In February 2018, multiple games on the Steam marketplace published by Sega were given additions to their news feeds. These titles included Nights into Dreams, Tembo the Badass Elephant, Jet Set Radio, Binary Domain, and more. These posts were ASCII art representations of different Puyos and Tetriminos, hinting at the idea that there would be a PC port, which was officially confirmed by Sega on February 6, and was released on Steam on February 27. This port contained all previous DLC, as well as 4K output support and the option to switch between the original Japanese voiceover and the English voiceover. It was criticized for using the Denuvo DRM system to prevent cheating and piracy. The game suffered from issues at launch, but Sega has since fixed many user-reported bugs and crashes.

==Reception==

PlayStation LifeStyle gave the Vita version 8/10 and called it "an example of a franchise entry done right", somewhat disliking Big Bang Mode but with high praise for Adventure and Swap. Famitsu gave the game a score of 9/9/9/8. Eurogamer ranked the PlayStation 4 and Switch versions 24th on their list of the "Top 50 Games of 2017".

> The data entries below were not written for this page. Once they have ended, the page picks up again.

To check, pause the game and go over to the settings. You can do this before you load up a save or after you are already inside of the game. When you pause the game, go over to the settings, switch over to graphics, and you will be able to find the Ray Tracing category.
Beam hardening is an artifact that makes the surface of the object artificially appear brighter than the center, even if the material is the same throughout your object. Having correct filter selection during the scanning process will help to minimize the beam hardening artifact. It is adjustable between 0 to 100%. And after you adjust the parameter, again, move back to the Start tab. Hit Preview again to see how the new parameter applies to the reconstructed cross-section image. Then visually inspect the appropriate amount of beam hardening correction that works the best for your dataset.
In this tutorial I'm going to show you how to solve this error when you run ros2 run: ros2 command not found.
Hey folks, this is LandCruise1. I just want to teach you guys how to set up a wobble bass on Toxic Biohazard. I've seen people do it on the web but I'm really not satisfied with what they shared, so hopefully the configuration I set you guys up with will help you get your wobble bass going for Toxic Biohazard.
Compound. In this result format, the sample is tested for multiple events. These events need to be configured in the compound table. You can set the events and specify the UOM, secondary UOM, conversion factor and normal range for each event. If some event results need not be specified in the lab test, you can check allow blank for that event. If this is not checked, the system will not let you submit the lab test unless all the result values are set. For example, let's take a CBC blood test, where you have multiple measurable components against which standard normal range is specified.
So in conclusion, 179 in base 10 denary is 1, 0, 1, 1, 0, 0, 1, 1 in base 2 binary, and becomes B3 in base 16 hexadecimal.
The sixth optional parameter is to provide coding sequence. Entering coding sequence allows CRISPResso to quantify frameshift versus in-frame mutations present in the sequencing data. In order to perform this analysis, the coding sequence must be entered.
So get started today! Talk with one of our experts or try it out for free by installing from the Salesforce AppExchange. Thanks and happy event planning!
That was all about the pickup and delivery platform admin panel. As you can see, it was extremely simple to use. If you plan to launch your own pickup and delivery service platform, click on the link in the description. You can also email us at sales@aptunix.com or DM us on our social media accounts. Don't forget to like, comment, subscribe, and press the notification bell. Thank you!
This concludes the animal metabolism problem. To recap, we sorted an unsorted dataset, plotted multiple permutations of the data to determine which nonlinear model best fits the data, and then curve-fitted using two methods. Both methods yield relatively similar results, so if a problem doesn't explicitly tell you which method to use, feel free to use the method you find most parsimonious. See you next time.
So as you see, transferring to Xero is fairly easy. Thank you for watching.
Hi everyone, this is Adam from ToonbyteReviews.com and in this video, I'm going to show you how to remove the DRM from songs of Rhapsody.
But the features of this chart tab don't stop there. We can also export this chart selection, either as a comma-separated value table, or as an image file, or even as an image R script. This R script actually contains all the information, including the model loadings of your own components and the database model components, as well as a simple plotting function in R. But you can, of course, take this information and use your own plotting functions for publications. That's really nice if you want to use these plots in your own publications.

The 3DS version was the best-selling one in Japan, with 44,627 units sold in the first week compared to 10,306 for the PS3 version and 8,973 for the PS Vita version. The Wii U version did not chart. By November 2020, the game had sold over 1.4 million copies worldwide.

The PS4 and Switch versions won the award for "Game, Puzzle" at the National Academy of Video Game Trade Reviewers Awards.

Aggregate scores
| Aggregator | Score |
|---|---|
| Metacritic | PS4: 83/100 NS: 81/100 PC: 78/100 |
| OpenCritic | 85% recommend |

Review scores
| Publication | Score |
|---|---|
| 4Players | 85/100 |
| Destructoid | 9.5/10 |
| Edge | 8/10 |
| Electronic Gaming Monthly | 4/5 |
| Eurogamer | Recommended |
| Famitsu | 35/40 |
| Game Informer | 7/10 |
| GameRevolution | 4/5 |
| GameSpot | 8/10 |
| GamesTM | 8/10 |
| Hardcore Gamer | 4.5/5 |
| IGN | 8.7/10 |
| Nintendo Life | 8/10 |
| Nintendo World Report | 9/10 |
| PlayStation Official Magazine – UK | 7/10 |
| Play | 8/10 |
| Push Square | 9/10 |
| USgamer | 3.5/5 |

==Sequel==
A sequel, titled Puyo Puyo Tetris 2, was released in December 2020 on Nintendo Switch, PlayStation 4, PlayStation 5, Xbox One, and Xbox Series X, with a 2021 release for Windows and Steam.